Observer, par exemple, combien la maison n’est pas la même en hiver et en été, sous le soleil ou sous la pluie, quand il vente ou non, à midi ou à minuit. Elle a ses températures propres, ses rythmes de lumière spécifiques, son humidité ou sa sécheresse, ses coulis d’air, ses souffles, sa respiration singulière.
Et aussi son odeur, selon les matériaux et leur imbrication, selon les ouvertures, l’exposition, les sols et sous-sols. Chaque bâtiment possède aussi ses sons et ses silences, ses teintes et leurs variations, ses régimes d’ombres et de clartés, son tracé d’espace.
Encore un peu de temps, vous finirez par éprouver ce que la maison où vous êtes a de tendre ou de froid, de nostalgique ou de vengeur. Car toutes ont des caractères secrets, assez semblables à ceux des personnes. Certaines sont bêtes, d’autres sournoises. Quelques habitations sont austères et revêches, beaucoup sont espiègles, joueuses, toutes sont difficiles à apprivoiser.
A cause de leur histoire, probablement. Aucune, en effet, n’est faite seulement de pierre, de bois, de brique et de ciment, de carrelage, de tuile ou d’ardoise. Une maison est aussi constituée des idées de ceux qui l’ont conçue, des pensées de ceux qui l’ont construite, des péripéties qui s’y sont déroulées.

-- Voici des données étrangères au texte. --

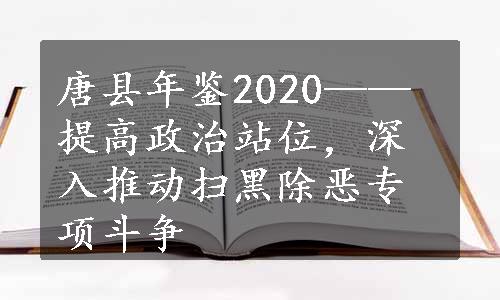 唐县年鉴2020——提高政治站位，深入推动扫黑除恶专项斗争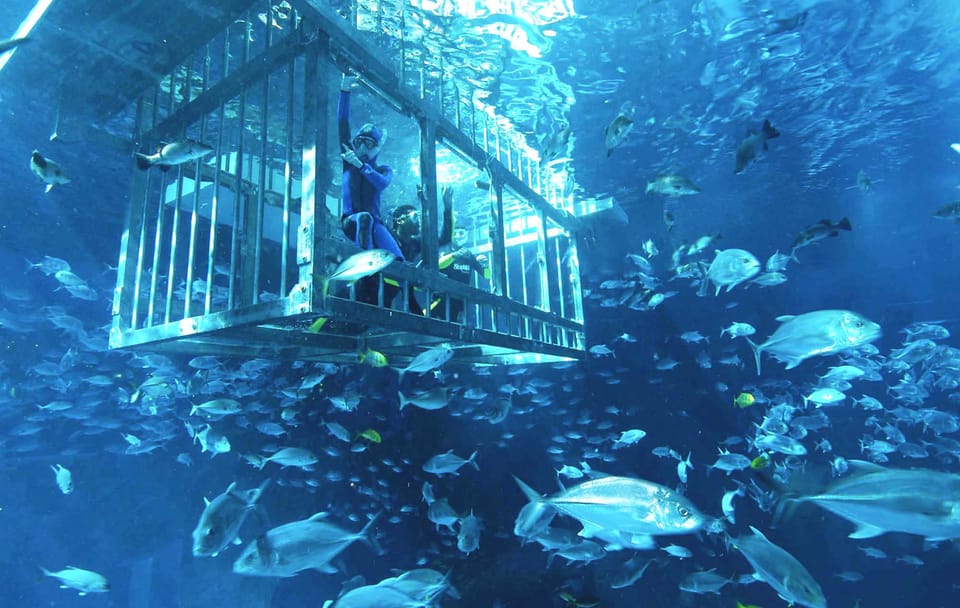Cage Snorkeling Experience in Dubai's Underwater Aquarium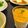 ＊|eriko|＊'s cooksnap of when they made キラキラ☆にんじんのムース.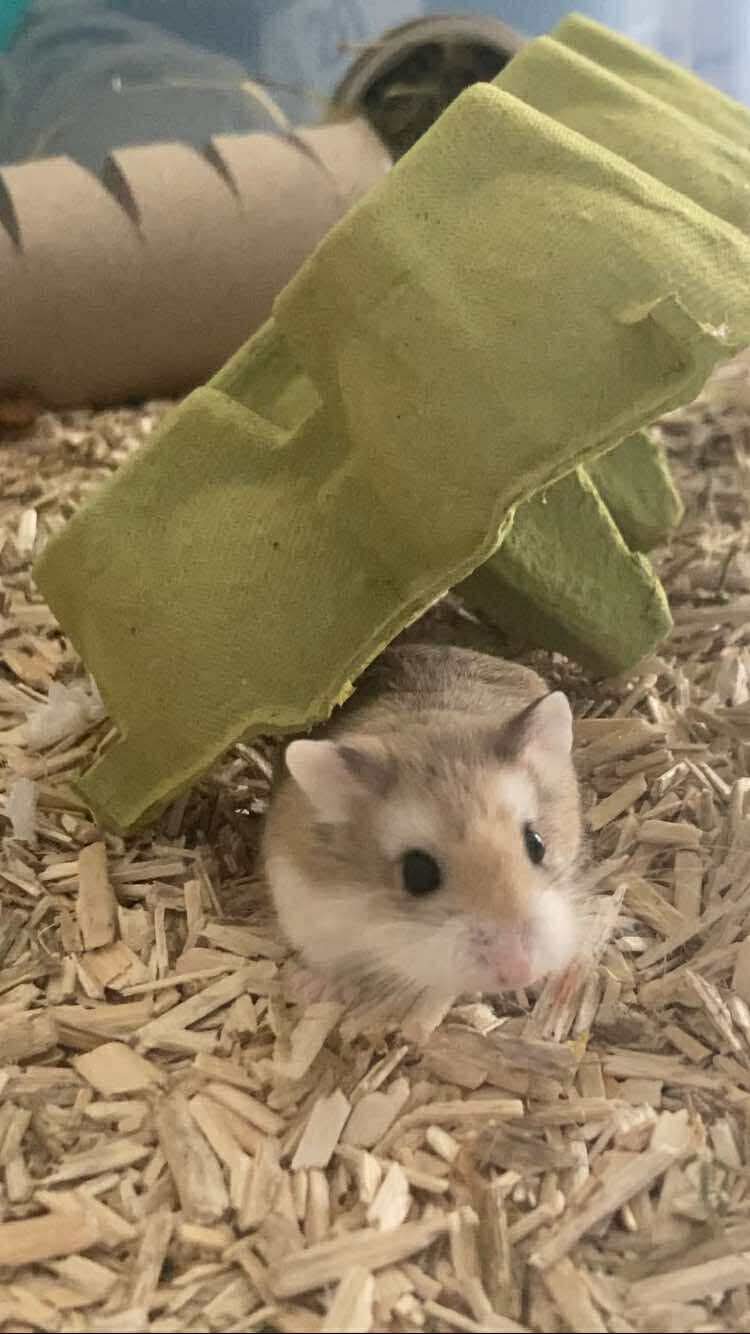 Taro, hamster, à l'adoption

On ne sait bien sûr ni comment ni pourquoi, mais des lambeaux et des bribes de ce passé flottent toujours dans l’air ou s’agglutinent au bas des portes.
N’oublions pas non plus qu’une maison n’est jamais absolument close, tout à fait hermétique. Elle existe par la répétition d’une multitude d’allées et venues, abrite une possibilité sans limite d’arrivées, de départs, de transits.

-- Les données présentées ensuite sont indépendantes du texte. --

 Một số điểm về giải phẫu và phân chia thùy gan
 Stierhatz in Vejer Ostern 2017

Encore un moment, un dernier pas, et vous approcherez de l’énigme essentielle. L’élucider est hors d’atteinte, mais la formuler n’est pas difficile : chaque maison imprègne les gens qui y séjournent, règle leurs parcours, en partie leurs humeurs. Ce ne sont pas eux qui vivent dans la maison… c’est elle qui les habite.
Essayez donc – une fois dehors, au loin, ou longtemps après – de traquer en vous l’esprit d’une maison, les traces qu’elle a laissées, sa présence qui persiste. Vous verrez, vous n’en aurez pas vite fait le tour.